- Leader: Gilbert Noël Ouédraogo
- Founded: 1998; 28 years ago
- Dissolved: 29 January 2026; 6 months ago
- Ideology: Liberalism
- Political position: Centre
- International affiliation: Liberal International
- Continental affiliation: Africa Liberal Network

= Alliance for Democracy and Federation – African Democratic Rally =

The Alliance for Democracy and Federation–African Democratic Rally (Alliance pour la Démocratie et la Fédération–Rassemblement Démocratique Africain) was a liberal political alliance in Burkina Faso, consisting of the Alliance for Democracy and Federation and the former ruling party African Democratic Rally.

Gilbert Noël Ouédraogo was the President of the ADF-RDA from 29 June 2003 until the party's dissolution on 29 January 2026; he served in President Blaise Compaoré's cabinet as Minister of Transport. His father, former Prime Minister Gérard Kango Ouédraogo, was designated as Honorary President for Life of the ADF-RDA in May 1998.

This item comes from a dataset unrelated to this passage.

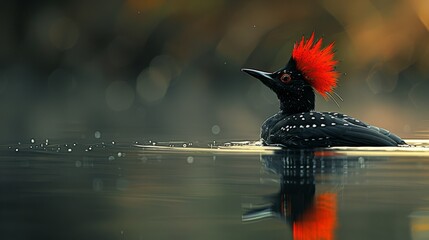 Wall Mural -  A mohawked red bird swims in water, droplets glistening on its feathers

In the parliamentary election held on 5 May 2002, the Alliance won 12.7% of the popular vote and 17 out of 111 seats. In the May 2007 parliamentary election, the party won 14 seats. The ADF-RDA supported President Compaoré in the 2005 presidential election and again in the 2010 presidential election.

The party stands for pluralism, equality, justice and liberty for all. It supports freedom of expression, calls for tolerance and the rule of law, condemns human rights abuses, and supports liberal economic views. It lists education, employment and individual enterprise as constituting the pillars of economic development. The party welcomes Burkinabè from all backgrounds, ‘regardless of religious or philosophical beliefs, race and sex’, aiming to consolidate national unity and democracy.

ADF-RDA is a member of international liberal associations, including the Africa Liberal Network and Liberal International.

On 29 January 2026, all parties, including this one, were dissolved through decree by the junta government in Burkina Faso.